Since the Ford is the oldest and the rarest in our comparo, we felt it deserved our attention first. The Falcon 78 B was intended to be used as a delivery vehicle and was typically stripped down to just the essentials. However, this one was one of the few to be optioned with the Deluxe package, which added more trim work and creature comforts. Being a two door delivery vehicle means it isn’t your typical wagon though. The point of a wagon is to be practical and while this one is likely the easiest to load stuff in and out of the back, it lacks a back seat for the kids. That might be a plus for some, but a negative for us simply as a matter of real world practicality. The big cargo area could come in handy for hauling parts or go karts, so that could counter the lack of a back seat some. This car also loses points for condition, as it has rust issues and lacks an interior. The rarity could be a mark against it as well, but we think this time it’s a major plus. How many of these can there be left? And since it is based on the normal Falcon, finding parts shouldn’t be an issue.

Saab 95 Wagon

Now to what could be the most practical wagon of the bunch, the Saab. The fact that it’s a Saab guarantees that it’s going to be practical. With enough seats for the whole family and the neighbors, you can’t get much better than that. Saab built the 95 for almost 20 years, so finding parts here in the states should be nearly as easy as finding parts for the Falcon and its relative simplicity should make repairs easy. This particular car has seen a lot of use, but has been well cared for. The odometer reads just 26k, but we are sure it has rolled over at least once. Of this bunch, this is the only one that is ready to be used, but we would count on there being a few issues that will need attention right away. It has been on the market for a while though. Thanks Peter C for tipping us off to this one!

Jensen GT

Our last contender could be the least practical of the three, but could also prove to be the most fun to drive. Some might say that the Jensen GT isn’t a true wagon, but is instead a shooting brake. Sure it can’t haul as much as the Saab or Ford, but it looks like a wagon to us. Plus it’s powered by a twin cam Lotus engine.

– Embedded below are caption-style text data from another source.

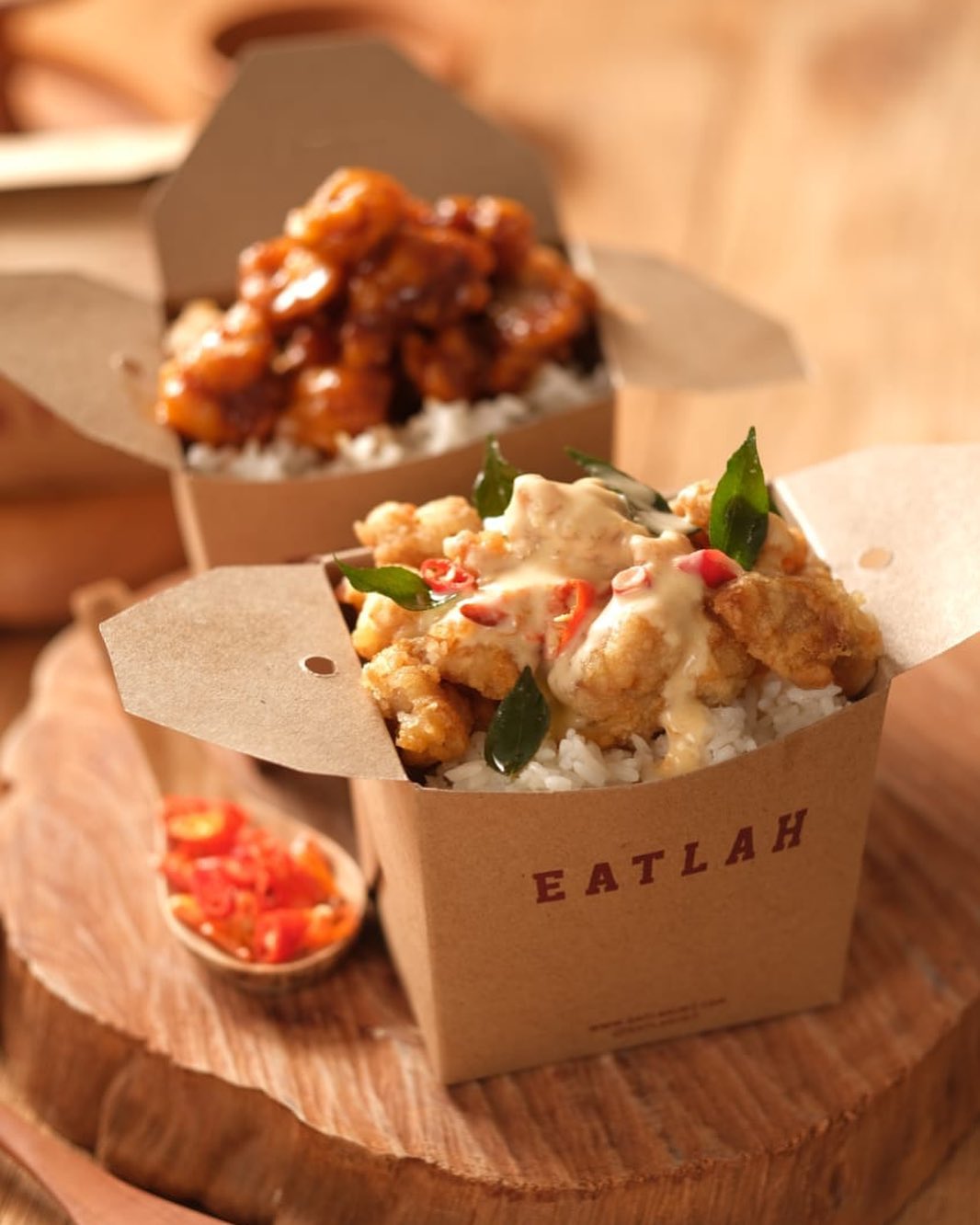 Eatlah salted egg chicken rice Jakarta boxed meals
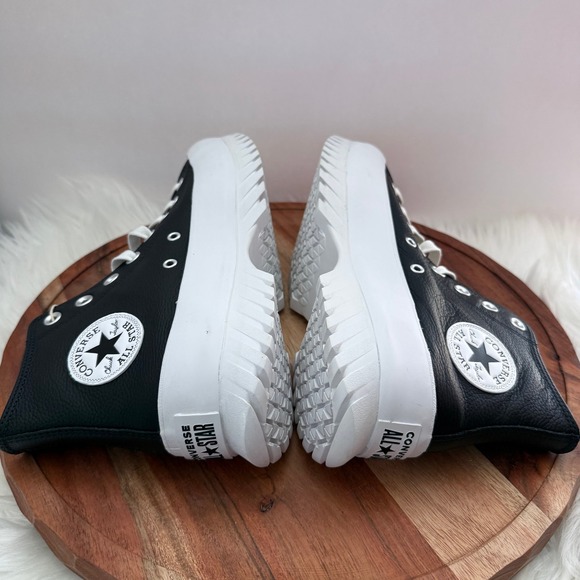 Converse CTAS Lugged 2.0 High Top Black Leather Boots Men 8.5‎ Women 10.5 - Picture 8 of 12
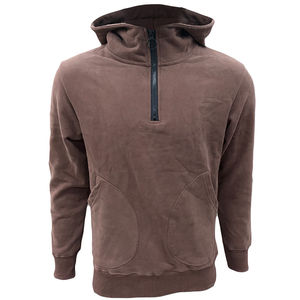Hot Selling Men Wear Quarter Zip Hoodie Winter Embroidered Stonewashed Customized Men's Oversized Windproof Hoodie - Product Image 1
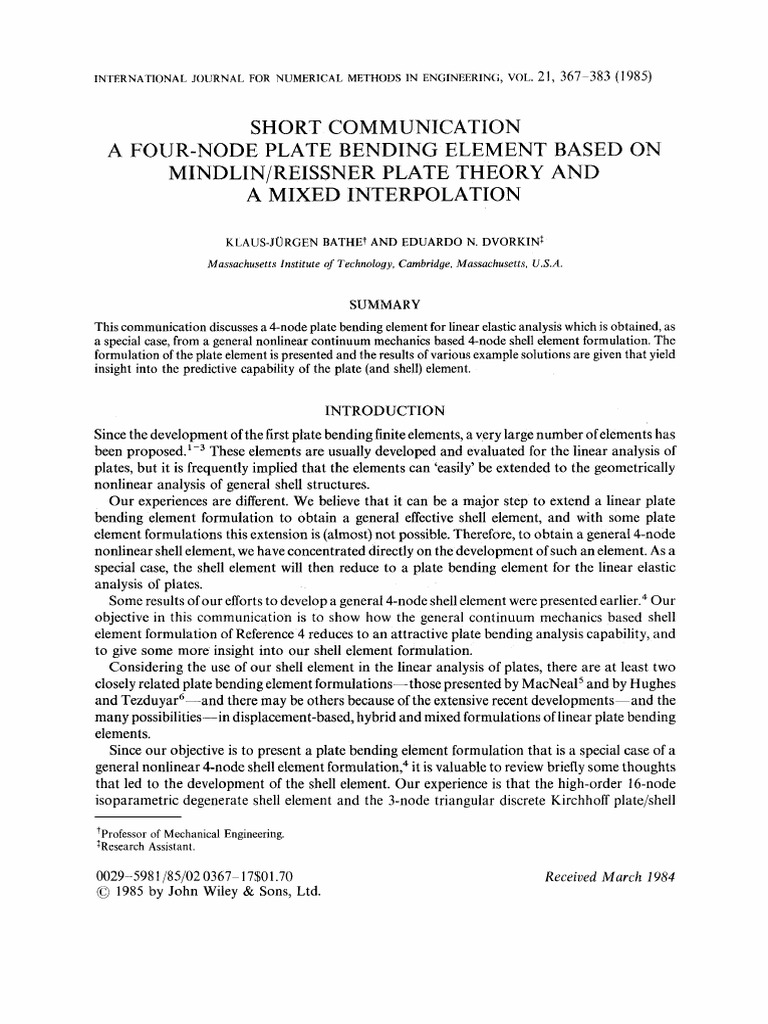 A Four-Node Plate Bending Element Based On Mindlin Reissner Plate ...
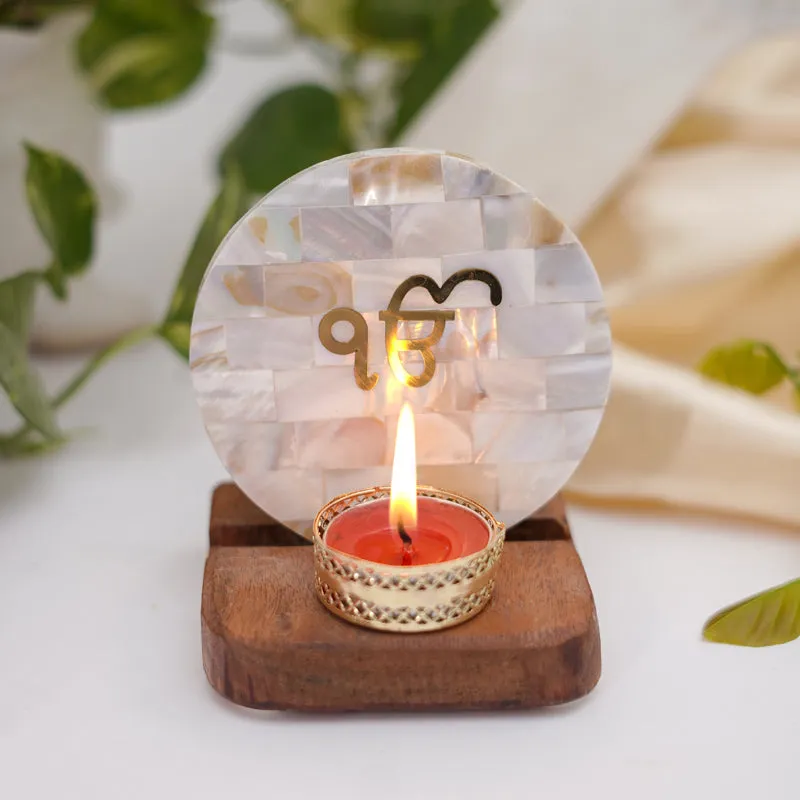 Ik Onkar Mother Of Pearl Religious Accent With Tealight Candle Holder media 1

That might not be a plus if it needs a complete rebuild, which it might given that it was left in storage for 25 years. Once it’s running and driving it would likely be the most entertaining, even with the kids in the back. Let’s just hope the previous owner kept all the parts with it or things could get expensive. So how do we pick a winner from this pack? Well, we aren’t going to! We are going to leave it up to you guys to pick out the winner, so let us know which one wins it for you!


  1. Jim-Bob

    The Falcon is a bit of a shame as it seems too far gone to restore or even make something interesting from (which would be my choice). The floor is not the scary part. No, it’s the roof that does it in as it seems that almost none of the support structure around the top is left intact and in some spots it looks to be missing 10 inch long sections. I can only imagine how badly corroded the rest of the box sections are.

    Like 1
  2. Dolphin Member

    Wagons are a terrific focus. We have owned many wagons over the decades, and we still have one now as a DD. IMHO wagons are the most practical and useful vehicle for general use.

    Like 1
  3. Go Cart Mozart

    I love the Ford Sedan Delivery, but it needs so much metalwork. It would be sweet done right but its really a shell.

  4. Don Andreina

    Falcon. We got these in XK and XL form, but interestingly, the upper side rear panel on ours was form pressed with a little bit of trim and FORD lettering near the front doors. Looks like the ones on yours are replacements perhaps.

    • Jim-Bob

      There are actually quite a few differences between US and Australian early Falcons. For one, Ford discovered that the US Falcon chassis was not up to the task of dealing with Australian road conditions. So, much like what the USSR did with the Fiat 124, they had to strengthen and upgrade the chassis and suspension to deal with it (I believe they also used the Australian modifications to Falcons sold in South America too.). I suspect that there are other minor cosmetic revisions at play too but I also think this particular Falcon has been lightly “restored” at some time in it’s past. It’s missing some trim parts that would normally be there on a US spec model and it looks like there are patches in the quarters that are coming undone. At any rate, there is so much metal work that needs doing on this poor car that it would be thousands of dollars cheaper to just start with a better shell to begin with.

  5. jim s

    the saab wins this contest as falcon s/w does needs a back seat and the jensen is not a s/w but you already noted that. if you search ebay under s/w a lot of real nice drivers come up.

    • jim s

      so unless your in love with the falcon or jensen it would be hard to invest the money/time needed to get them back on the road. and the saab reserve is not met .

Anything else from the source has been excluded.